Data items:
=======
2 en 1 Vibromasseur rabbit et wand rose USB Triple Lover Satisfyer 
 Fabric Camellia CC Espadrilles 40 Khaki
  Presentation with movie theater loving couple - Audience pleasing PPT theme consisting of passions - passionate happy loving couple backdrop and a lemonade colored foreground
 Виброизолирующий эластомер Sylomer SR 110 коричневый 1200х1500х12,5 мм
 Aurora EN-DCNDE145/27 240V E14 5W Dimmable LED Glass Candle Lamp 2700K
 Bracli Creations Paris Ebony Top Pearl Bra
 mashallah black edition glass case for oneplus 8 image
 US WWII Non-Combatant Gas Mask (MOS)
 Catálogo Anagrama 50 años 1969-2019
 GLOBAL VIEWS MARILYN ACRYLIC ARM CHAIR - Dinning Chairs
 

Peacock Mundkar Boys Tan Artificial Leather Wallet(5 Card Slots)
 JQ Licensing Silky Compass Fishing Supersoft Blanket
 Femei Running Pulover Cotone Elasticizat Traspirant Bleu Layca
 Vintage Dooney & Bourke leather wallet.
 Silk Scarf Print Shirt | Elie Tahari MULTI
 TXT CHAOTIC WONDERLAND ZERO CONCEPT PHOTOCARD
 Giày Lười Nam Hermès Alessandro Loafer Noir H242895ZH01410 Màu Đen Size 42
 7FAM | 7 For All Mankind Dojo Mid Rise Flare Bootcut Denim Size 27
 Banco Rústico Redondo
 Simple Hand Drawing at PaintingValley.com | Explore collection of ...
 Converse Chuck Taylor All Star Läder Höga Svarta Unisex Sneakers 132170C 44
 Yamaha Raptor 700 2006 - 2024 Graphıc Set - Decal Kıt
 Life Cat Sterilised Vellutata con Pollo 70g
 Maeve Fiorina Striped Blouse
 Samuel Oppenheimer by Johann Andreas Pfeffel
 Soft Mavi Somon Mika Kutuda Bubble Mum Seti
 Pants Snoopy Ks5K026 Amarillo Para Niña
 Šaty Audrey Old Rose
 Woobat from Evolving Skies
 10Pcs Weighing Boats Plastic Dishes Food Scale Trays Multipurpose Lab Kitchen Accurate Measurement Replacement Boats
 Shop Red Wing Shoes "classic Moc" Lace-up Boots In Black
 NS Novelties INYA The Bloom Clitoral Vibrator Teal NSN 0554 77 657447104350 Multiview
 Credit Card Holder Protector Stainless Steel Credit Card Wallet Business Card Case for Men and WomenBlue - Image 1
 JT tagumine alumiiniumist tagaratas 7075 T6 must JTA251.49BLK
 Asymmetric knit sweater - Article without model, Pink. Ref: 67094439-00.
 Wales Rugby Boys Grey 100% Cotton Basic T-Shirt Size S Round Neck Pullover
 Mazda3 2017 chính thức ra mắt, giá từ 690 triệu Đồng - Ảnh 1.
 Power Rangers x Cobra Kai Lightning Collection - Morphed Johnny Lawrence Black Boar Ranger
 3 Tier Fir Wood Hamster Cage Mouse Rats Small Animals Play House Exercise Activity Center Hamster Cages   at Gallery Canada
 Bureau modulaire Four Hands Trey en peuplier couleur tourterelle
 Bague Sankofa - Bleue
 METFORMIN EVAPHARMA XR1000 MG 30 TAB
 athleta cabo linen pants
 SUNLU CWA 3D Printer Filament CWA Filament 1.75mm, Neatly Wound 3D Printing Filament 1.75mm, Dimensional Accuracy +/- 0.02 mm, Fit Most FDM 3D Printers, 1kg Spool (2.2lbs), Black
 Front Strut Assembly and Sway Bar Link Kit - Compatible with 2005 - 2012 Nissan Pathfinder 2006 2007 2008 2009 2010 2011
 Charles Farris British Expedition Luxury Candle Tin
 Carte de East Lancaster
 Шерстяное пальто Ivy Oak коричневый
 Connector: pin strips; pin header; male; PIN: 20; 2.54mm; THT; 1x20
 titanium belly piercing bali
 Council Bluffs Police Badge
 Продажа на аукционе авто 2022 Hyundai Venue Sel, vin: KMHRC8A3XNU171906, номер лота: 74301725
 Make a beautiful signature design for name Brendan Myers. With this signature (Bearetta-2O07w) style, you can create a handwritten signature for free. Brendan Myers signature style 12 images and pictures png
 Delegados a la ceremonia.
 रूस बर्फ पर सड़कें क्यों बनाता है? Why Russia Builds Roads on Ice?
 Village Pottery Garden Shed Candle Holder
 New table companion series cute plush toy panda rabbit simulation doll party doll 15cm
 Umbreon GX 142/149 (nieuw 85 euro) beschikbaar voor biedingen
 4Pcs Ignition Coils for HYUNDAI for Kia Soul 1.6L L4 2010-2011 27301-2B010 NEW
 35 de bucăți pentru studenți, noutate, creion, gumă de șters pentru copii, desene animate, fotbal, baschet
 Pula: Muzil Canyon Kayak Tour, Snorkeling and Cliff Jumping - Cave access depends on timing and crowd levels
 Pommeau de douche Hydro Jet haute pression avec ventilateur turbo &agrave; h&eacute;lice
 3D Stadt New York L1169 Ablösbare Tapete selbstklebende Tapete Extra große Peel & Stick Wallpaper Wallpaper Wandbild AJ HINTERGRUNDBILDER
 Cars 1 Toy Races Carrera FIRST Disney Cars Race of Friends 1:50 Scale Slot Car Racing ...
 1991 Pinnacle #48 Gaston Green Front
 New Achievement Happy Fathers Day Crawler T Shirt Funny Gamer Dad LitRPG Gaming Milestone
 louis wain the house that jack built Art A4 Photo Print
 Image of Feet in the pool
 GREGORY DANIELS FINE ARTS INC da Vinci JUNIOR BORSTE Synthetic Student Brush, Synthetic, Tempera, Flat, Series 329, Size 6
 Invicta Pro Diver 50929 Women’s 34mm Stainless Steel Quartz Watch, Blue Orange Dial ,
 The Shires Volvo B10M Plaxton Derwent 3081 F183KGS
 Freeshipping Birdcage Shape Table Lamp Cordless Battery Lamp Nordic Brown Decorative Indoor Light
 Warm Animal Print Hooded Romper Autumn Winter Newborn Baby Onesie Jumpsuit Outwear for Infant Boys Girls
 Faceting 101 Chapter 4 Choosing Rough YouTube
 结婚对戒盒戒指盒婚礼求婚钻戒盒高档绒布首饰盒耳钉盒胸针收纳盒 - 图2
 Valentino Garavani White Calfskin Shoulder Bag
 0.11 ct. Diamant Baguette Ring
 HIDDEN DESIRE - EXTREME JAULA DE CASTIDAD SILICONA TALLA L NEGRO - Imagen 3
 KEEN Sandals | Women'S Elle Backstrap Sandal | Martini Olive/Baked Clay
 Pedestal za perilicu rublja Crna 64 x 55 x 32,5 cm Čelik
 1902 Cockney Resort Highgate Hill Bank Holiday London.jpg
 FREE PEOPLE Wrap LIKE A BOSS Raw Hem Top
=======
◆ **PROBLEM REQUIREMENTS**
Output all of the data exactly as given.

◆ **RESULT**
2 en 1 Vibromasseur rabbit et wand rose USB Triple Lover Satisfyer 
 Fabric Camellia CC Espadrilles 40 Khaki
  Presentation with movie theater loving couple - Audience pleasing PPT theme consisting of passions - passionate happy loving couple backdrop and a lemonade colored foreground
 Виброизолирующий эластомер Sylomer SR 110 коричневый 1200х1500х12,5 мм
 Aurora EN-DCNDE145/27 240V E14 5W Dimmable LED Glass Candle Lamp 2700K
 Bracli Creations Paris Ebony Top Pearl Bra
 mashallah black edition glass case for oneplus 8 image
 US WWII Non-Combatant Gas Mask (MOS)
 Catálogo Anagrama 50 años 1969-2019
 GLOBAL VIEWS MARILYN ACRYLIC ARM CHAIR - Dinning Chairs
 

Peacock Mundkar Boys Tan Artificial Leather Wallet(5 Card Slots)
 JQ Licensing Silky Compass Fishing Supersoft Blanket
 Femei Running Pulover Cotone Elasticizat Traspirant Bleu Layca
 Vintage Dooney & Bourke leather wallet.
 Silk Scarf Print Shirt | Elie Tahari MULTI
 TXT CHAOTIC WONDERLAND ZERO CONCEPT PHOTOCARD
 Giày Lười Nam Hermès Alessandro Loafer Noir H242895ZH01410 Màu Đen Size 42
 7FAM | 7 For All Mankind Dojo Mid Rise Flare Bootcut Denim Size 27
 Banco Rústico Redondo
 Simple Hand Drawing at PaintingValley.com | Explore collection of ...
 Converse Chuck Taylor All Star Läder Höga Svarta Unisex Sneakers 132170C 44
 Yamaha Raptor 700 2006 - 2024 Graphıc Set - Decal Kıt
 Life Cat Sterilised Vellutata con Pollo 70g
 Maeve Fiorina Striped Blouse
 Samuel Oppenheimer by Johann Andreas Pfeffel
 Soft Mavi Somon Mika Kutuda Bubble Mum Seti
 Pants Snoopy Ks5K026 Amarillo Para Niña
 Šaty Audrey Old Rose
 Woobat from Evolving Skies
 10Pcs Weighing Boats Plastic Dishes Food Scale Trays Multipurpose Lab Kitchen Accurate Measurement Replacement Boats
 Shop Red Wing Shoes "classic Moc" Lace-up Boots In Black
 NS Novelties INYA The Bloom Clitoral Vibrator Teal NSN 0554 77 657447104350 Multiview
 Credit Card Holder Protector Stainless Steel Credit Card Wallet Business Card Case for Men and WomenBlue - Image 1
 JT tagumine alumiiniumist tagaratas 7075 T6 must JTA251.49BLK
 Asymmetric knit sweater - Article without model, Pink. Ref: 67094439-00.
 Wales Rugby Boys Grey 100% Cotton Basic T-Shirt Size S Round Neck Pullover
 Mazda3 2017 chính thức ra mắt, giá từ 690 triệu Đồng - Ảnh 1.
 Power Rangers x Cobra Kai Lightning Collection - Morphed Johnny Lawrence Black Boar Ranger
 3 Tier Fir Wood Hamster Cage Mouse Rats Small Animals Play House Exercise Activity Center Hamster Cages   at Gallery Canada
 Bureau modulaire Four Hands Trey en peuplier couleur tourterelle
 Bague Sankofa - Bleue
 METFORMIN EVAPHARMA XR1000 MG 30 TAB
 athleta cabo linen pants
 SUNLU CWA 3D Printer Filament CWA Filament 1.75mm, Neatly Wound 3D Printing Filament 1.75mm, Dimensional Accuracy +/- 0.02 mm, Fit Most FDM 3D Printers, 1kg Spool (2.2lbs), Black
 Front Strut Assembly and Sway Bar Link Kit - Compatible with 2005 - 2012 Nissan Pathfinder 2006 2007 2008 2009 2010 2011
 Charles Farris British Expedition Luxury Candle Tin
 Carte de East Lancaster
 Шерстяное пальто Ivy Oak коричневый
 Connector: pin strips; pin header; male; PIN: 20; 2.54mm; THT; 1x20
 titanium belly piercing bali
 Council Bluffs Police Badge
 Продажа на аукционе авто 2022 Hyundai Venue Sel, vin: KMHRC8A3XNU171906, номер лота: 74301725
 Make a beautiful signature design for name Brendan Myers. With this signature (Bearetta-2O07w) style, you can create a handwritten signature for free. Brendan Myers signature style 12 images and pictures png
 Delegados a la ceremonia.
 रूस बर्फ पर सड़कें क्यों बनाता है? Why Russia Builds Roads on Ice?
 Village Pottery Garden Shed Candle Holder
 New table companion series cute plush toy panda rabbit simulation doll party doll 15cm
 Umbreon GX 142/149 (nieuw 85 euro) beschikbaar voor biedingen
 4Pcs Ignition Coils for HYUNDAI for Kia Soul 1.6L L4 2010-2011 27301-2B010 NEW
 35 de bucăți pentru studenți, noutate, creion, gumă de șters pentru copii, desene animate, fotbal, baschet
 Pula: Muzil Canyon Kayak Tour, Snorkeling and Cliff Jumping - Cave access depends on timing and crowd levels
 Pommeau de douche Hydro Jet haute pression avec ventilateur turbo &agrave; h&eacute;lice
 3D Stadt New York L1169 Ablösbare Tapete selbstklebende Tapete Extra große Peel & Stick Wallpaper Wallpaper Wandbild AJ HINTERGRUNDBILDER
 Cars 1 Toy Races Carrera FIRST Disney Cars Race of Friends 1:50 Scale Slot Car Racing ...
 1991 Pinnacle #48 Gaston Green Front
 New Achievement Happy Fathers Day Crawler T Shirt Funny Gamer Dad LitRPG Gaming Milestone
 louis wain the house that jack built Art A4 Photo Print
 Image of Feet in the pool
 GREGORY DANIELS FINE ARTS INC da Vinci JUNIOR BORSTE Synthetic Student Brush, Synthetic, Tempera, Flat, Series 329, Size 6
 Invicta Pro Diver 50929 Women’s 34mm Stainless Steel Quartz Watch, Blue Orange Dial ,
 The Shires Volvo B10M Plaxton Derwent 3081 F183KGS
 Freeshipping Birdcage Shape Table Lamp Cordless Battery Lamp Nordic Brown Decorative Indoor Light
 Warm Animal Print Hooded Romper Autumn Winter Newborn Baby Onesie Jumpsuit Outwear for Infant Boys Girls
 Faceting 101 Chapter 4 Choosing Rough YouTube
 结婚对戒盒戒指盒婚礼求婚钻戒盒高档绒布首饰盒耳钉盒胸针收纳盒 - 图2
 Valentino Garavani White Calfskin Shoulder Bag
 0.11 ct. Diamant Baguette Ring
 HIDDEN DESIRE - EXTREME JAULA DE CASTIDAD SILICONA TALLA L NEGRO - Imagen 3
 KEEN Sandals | Women'S Elle Backstrap Sandal | Martini Olive/Baked Clay
 Pedestal za perilicu rublja Crna 64 x 55 x 32,5 cm Čelik
 1902 Cockney Resort Highgate Hill Bank Holiday London.jpg
 FREE PEOPLE Wrap LIKE A BOSS Raw Hem Top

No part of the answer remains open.